On Going With The Flow

Yesterday I intended to ask a number of companies for quotations for the monastery’s insurance and arrange for our car to have a mobile M.O.T. Nothing too strenuous, you see, to allow me to fulfil my monastic duties and deal with a backlog of correspondence. What I actually did was contact a number of builders regarding the urgent replacement of some windows, re-paint a laundry pulley, realise that the end of our financial year is almost upon us (so I’ll have to find a way of dealing with various reports) and performed a corporal work of mercy in the vegetable patch by watering some very dry plants. My guess is that most readers could identify with that in general, if not with the specifics. We are constantly having to drop what we think important in order to deal with the urgent. The secular-minded call it ‘going with the flow’, the more religiously-inclined tend to dignify it as responding to what God asks of us here and now.

Part of me agrees with that, of course. We must always be on the alert for what God is actually asking, rather than what we would like God to be asking; but, to be honest, there are times when we wish that God could have another agenda for us. Unfortunately, dwelling too long on the ‘if onlys’ of life tends to make us selfish. Most of us have more than enough to make us profoundly grateful. I know I do. This morning, as I contemplated my trifling irritations, I was chastened by the thought of what others are suffering: those bewildered by grief; those living in poverty; those who don’t have any security whatsoever. Going with the flow is fine, but it would be an immense pity if it made us indifferent to others or lessened our sense of gratitude for the blessings we enjoy. An obvious thought, perhaps, but we can’t always be deep, can we?

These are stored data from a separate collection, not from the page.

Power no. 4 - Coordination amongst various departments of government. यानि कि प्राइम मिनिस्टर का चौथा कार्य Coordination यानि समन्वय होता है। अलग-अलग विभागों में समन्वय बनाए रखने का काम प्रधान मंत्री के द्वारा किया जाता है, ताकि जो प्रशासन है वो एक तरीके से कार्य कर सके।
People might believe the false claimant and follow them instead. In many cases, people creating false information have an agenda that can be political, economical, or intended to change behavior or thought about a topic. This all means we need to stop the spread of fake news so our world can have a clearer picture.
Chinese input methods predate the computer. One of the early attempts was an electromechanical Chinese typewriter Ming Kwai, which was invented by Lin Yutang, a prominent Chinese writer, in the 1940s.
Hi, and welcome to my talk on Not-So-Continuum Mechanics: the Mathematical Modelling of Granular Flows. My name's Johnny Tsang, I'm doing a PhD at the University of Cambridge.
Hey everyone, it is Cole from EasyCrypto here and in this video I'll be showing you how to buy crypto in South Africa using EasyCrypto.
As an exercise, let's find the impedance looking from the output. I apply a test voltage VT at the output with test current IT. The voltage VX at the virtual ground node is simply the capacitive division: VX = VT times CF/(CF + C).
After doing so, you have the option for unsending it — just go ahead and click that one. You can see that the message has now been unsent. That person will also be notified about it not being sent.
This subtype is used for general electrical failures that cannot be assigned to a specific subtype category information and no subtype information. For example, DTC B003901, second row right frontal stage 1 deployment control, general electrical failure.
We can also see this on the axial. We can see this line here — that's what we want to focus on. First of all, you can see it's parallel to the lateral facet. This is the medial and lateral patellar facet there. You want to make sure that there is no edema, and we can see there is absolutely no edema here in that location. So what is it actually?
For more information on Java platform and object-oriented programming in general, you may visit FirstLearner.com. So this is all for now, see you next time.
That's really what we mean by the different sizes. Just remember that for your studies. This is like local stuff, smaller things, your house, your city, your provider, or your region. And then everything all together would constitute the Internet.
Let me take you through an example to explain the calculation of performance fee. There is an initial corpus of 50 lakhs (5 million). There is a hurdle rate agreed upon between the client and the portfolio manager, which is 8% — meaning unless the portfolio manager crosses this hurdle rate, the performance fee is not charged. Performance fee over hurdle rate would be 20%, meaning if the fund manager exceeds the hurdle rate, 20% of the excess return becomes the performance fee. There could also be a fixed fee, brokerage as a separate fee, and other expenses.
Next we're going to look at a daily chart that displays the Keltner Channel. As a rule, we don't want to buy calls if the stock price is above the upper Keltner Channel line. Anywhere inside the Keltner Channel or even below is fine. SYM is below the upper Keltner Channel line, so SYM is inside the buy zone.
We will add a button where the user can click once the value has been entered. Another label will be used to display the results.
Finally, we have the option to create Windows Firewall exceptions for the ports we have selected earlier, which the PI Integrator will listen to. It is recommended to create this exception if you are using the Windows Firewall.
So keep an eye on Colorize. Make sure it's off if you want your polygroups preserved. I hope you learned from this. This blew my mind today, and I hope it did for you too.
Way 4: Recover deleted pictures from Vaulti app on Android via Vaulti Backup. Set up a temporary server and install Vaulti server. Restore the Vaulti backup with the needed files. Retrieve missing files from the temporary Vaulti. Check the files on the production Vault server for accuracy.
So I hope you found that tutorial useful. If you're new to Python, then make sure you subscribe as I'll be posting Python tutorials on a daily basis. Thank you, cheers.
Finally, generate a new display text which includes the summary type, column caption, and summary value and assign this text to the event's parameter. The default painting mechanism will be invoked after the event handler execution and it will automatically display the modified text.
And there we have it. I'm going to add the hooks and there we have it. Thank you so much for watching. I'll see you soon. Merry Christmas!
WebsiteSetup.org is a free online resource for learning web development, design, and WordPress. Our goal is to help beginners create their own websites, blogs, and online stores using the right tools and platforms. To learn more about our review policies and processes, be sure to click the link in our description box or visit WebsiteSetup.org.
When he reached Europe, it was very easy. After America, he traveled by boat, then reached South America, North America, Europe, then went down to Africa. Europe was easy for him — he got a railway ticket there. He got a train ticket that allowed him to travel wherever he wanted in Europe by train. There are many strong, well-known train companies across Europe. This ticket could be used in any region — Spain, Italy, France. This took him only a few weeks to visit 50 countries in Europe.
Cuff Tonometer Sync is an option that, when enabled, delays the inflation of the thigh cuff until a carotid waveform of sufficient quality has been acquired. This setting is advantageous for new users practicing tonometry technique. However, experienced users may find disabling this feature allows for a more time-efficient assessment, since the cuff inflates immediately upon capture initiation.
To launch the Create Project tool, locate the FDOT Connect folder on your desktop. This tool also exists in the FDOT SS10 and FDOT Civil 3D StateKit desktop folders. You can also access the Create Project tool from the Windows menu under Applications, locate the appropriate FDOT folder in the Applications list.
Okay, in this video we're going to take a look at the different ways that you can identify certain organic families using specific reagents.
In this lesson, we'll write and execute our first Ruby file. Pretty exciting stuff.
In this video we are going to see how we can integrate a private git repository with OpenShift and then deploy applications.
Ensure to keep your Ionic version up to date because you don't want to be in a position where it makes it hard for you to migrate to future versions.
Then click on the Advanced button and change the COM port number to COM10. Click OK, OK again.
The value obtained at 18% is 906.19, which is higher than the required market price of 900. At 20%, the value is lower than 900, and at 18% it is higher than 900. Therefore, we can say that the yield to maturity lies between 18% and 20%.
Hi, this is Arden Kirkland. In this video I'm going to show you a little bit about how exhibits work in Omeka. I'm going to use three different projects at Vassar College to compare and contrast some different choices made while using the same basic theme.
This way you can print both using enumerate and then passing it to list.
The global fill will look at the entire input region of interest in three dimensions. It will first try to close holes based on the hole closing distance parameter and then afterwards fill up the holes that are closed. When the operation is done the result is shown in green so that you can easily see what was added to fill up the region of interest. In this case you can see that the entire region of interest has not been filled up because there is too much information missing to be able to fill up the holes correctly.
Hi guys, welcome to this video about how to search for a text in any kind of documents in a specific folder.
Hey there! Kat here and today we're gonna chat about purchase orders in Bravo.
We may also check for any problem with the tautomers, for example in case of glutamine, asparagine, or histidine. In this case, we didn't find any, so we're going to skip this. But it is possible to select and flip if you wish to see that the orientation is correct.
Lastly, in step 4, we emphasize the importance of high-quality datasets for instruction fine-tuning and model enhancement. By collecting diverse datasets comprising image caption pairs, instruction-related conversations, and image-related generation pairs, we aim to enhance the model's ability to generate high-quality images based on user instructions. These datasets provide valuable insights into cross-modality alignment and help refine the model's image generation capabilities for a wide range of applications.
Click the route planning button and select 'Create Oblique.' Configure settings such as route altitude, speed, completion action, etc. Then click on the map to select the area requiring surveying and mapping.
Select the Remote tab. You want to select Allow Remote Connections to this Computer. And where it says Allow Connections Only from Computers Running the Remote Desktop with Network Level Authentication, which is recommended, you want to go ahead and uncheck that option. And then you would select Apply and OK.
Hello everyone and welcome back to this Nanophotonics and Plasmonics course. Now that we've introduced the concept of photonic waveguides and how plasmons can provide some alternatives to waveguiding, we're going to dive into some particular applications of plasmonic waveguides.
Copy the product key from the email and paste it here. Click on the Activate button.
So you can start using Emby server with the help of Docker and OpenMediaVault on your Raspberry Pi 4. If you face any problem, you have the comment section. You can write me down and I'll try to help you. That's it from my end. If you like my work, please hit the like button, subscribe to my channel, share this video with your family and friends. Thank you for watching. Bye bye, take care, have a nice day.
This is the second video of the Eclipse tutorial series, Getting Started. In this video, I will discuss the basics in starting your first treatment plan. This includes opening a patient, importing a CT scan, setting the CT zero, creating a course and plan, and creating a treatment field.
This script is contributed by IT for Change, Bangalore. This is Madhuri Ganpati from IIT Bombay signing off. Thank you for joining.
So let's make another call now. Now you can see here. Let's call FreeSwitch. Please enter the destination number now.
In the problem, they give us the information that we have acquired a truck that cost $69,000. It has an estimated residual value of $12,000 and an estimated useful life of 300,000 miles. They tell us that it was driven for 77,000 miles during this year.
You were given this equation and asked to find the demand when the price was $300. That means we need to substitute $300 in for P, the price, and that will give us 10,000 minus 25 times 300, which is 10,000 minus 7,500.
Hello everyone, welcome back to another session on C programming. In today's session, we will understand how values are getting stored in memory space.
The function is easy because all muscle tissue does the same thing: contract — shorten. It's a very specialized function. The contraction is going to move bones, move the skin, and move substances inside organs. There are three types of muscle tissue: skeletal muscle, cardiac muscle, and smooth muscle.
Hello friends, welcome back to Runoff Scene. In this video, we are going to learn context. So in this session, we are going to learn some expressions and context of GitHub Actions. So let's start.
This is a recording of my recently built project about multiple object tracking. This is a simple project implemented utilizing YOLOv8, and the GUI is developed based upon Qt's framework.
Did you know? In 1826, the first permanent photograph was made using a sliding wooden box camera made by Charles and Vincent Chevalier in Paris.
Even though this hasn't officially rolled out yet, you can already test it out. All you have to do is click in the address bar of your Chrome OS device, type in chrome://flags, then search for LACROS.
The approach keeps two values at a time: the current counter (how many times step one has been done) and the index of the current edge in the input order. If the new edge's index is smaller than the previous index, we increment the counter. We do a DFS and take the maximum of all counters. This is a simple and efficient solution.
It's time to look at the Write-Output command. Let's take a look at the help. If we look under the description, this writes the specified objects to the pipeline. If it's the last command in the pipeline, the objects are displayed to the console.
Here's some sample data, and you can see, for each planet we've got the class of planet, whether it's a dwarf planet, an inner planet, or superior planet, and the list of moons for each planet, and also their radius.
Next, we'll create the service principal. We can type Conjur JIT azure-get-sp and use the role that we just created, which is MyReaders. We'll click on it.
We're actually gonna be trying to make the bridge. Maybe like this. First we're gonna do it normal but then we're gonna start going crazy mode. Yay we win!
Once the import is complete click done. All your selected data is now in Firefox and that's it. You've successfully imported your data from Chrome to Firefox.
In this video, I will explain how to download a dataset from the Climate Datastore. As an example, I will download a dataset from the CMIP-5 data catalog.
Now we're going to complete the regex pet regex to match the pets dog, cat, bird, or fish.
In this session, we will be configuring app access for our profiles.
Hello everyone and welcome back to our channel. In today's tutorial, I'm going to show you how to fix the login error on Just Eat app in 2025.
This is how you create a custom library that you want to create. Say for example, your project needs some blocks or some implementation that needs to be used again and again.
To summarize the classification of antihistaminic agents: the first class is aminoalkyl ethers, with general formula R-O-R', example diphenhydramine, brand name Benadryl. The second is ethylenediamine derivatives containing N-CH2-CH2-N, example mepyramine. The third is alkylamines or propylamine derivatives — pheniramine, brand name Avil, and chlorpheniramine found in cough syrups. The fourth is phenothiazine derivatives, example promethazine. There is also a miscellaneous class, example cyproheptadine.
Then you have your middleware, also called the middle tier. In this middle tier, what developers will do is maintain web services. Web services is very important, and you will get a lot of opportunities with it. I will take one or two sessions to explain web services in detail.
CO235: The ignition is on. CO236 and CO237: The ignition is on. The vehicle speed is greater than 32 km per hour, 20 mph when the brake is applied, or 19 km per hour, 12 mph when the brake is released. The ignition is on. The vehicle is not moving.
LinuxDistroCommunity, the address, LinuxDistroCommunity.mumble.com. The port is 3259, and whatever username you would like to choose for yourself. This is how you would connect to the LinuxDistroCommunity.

2 thoughts on “On Going With The Flow”

  1. So refreshing to read. Thank you. You are a nun, and I’m just me, and yet God seems to give each of us difficult agendas, (or should it be agendae?). He must have a good sense of humour. So let’s look up, smile, pray for each other… and get on with it…!

  2. Dear Sister Catherine,
    As they say, there is always someone worse off than oneself. The sadness of life is that there are so many disadvantaged, dispossessed, deprived and disabled people throughout the world who need help but never get it. Our dear Lord loves them no less than ourselves, but looks to those who can to help those who can’t. In this, the energy dissipated on Brexit, wars, hatred and self absorption could and should be devoted to helping those in need.
    Keep spreading the faith for as long as you can and we will try to do our best on your behalf.